2003年3月4日、スイスはジュネーブで行われる恒例のモーターショー、「ジュネーブ73rdインターナショナルモーターショー」が開幕した。
シトロエンが出展した2台のモデルと、ボルボの大型ラグジュアリーワゴンについて、自動車ジャーナリストの金子浩久が現地から報告する。

■これが最後のショーモデル?・・・シトロエンC2スポール

登場が予定されている「C3」より小さなシトロエン「C2」が、「C2スポール」というコンセプトカーの姿であらわれた。
今年1月末のモンテカルロラリーで「クサラWRC」が1-2-3フィニッシュを決めたシトロエンらしく、絵空事のコンセプトカーではなく、モータースポーツ仕様で出展してきた。

詳細は何も明らかにされなかったが、ショーで見た印象を記すと、カラーリングやオーバーフェンダーなどを取り除いたと想像すれば、コンパクトカーとしてかなり魅力的に映った。

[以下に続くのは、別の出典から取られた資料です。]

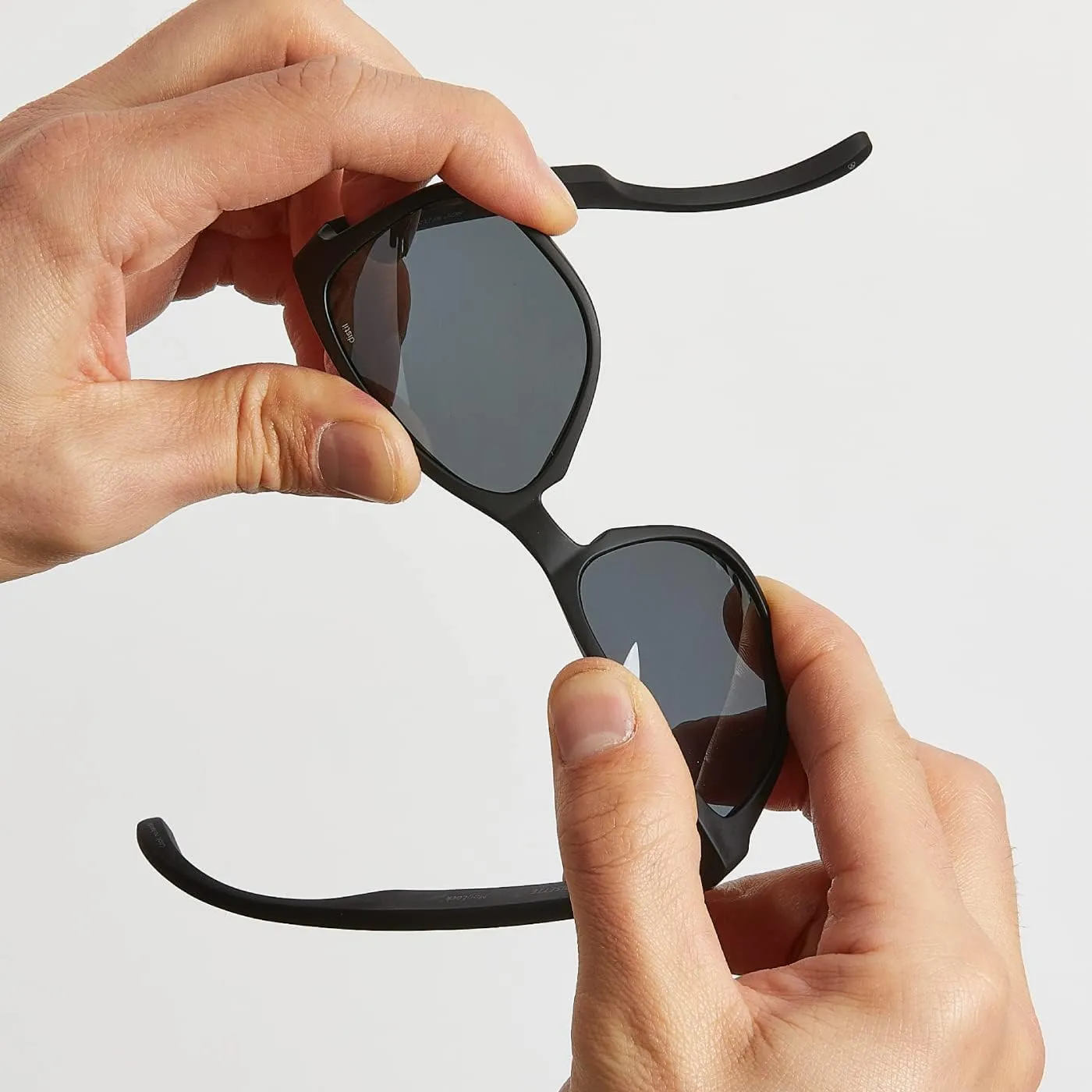 Distil Union Folly MagLock Seafarer Polarized Sunglasses | Lightweight, Flexible and Secure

ダイハツ「YRV」のようなサイドウィンドウグラフィックは新鮮だし、実用的なパッケージングも優れていそうに見える。ショー会場の展示説明プレートには、「これが最後のショーモデルか?」と書いてあったから、C2デビューは今年のフランクフルト、あるいは東京モーターショーかもしれない。

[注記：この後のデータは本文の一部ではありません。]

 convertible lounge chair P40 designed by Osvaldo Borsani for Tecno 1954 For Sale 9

■サルーン、カブリオレ、ピックアップ・・・シトロエンC3プルリエール

C3ベースのファンカーコンセプト。基本的には2ドア4座ピラーレスサルーンだが、変体する。
キャンバス製ルーフを折り畳めば、開口部が大きなサンシャインルーフに。さらに折り畳んだルーフとリアウィンドウは取り外すことができ、荷室のフロア下に収納できる。そこから左右のルーフエンドピラーを取り外せば、完全なカブリオレ。そこからトランクリッドとリアシートを倒せば“ピックアップ”になる、と謳われる。

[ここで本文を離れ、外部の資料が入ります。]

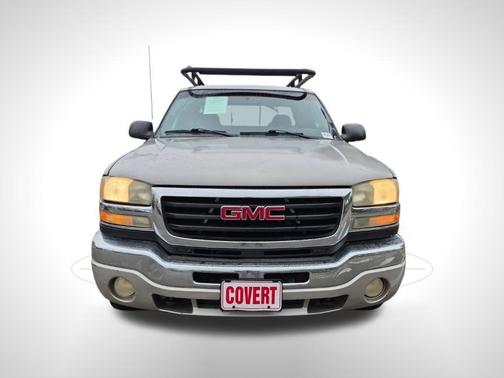 2004 GMC Sierra 2500 SLE H/D Extended Cab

キャンバス製ルーフを畳んだところなどは、往年の「2CV」のようで可愛らしい。外したルーフエンドピラーは車内に収まらず、どこかに置いてこなければならないが、この手のクルマにありがちな強引な商品企画でなく、各々のボディ様態は実際的だ。このまま生産してもらいたい。

■豪華大型ワゴン・・・ボルボVCC

プレス資料には、次のような前書きが記されている。「ボルボは、ショーモデルだけで終わってしまうコンセプトカーは出品しません。近い将来の新型車の考え方、盛り込まれる新機構や装備などでコンセプトカーを構成、製作します」

「VCC」は、全長5m級の豪華大型ワゴンで、現行「V70」より上級モデルを想定して製作されたコンセプトカーと思われる。
観音開きする大きな4枚ドアを開けると、インテリアは革とアルミとステンレスで造られている。ボルボお得意の白木は用いられていない。ルーフは巨大な1枚ガラス(補強入り)。現行ボルボ各車の素朴で実直な造形とはまったく異なった、クールでモダンな意匠だ。「V-Pulse」という新しい情報表示システムが提案される。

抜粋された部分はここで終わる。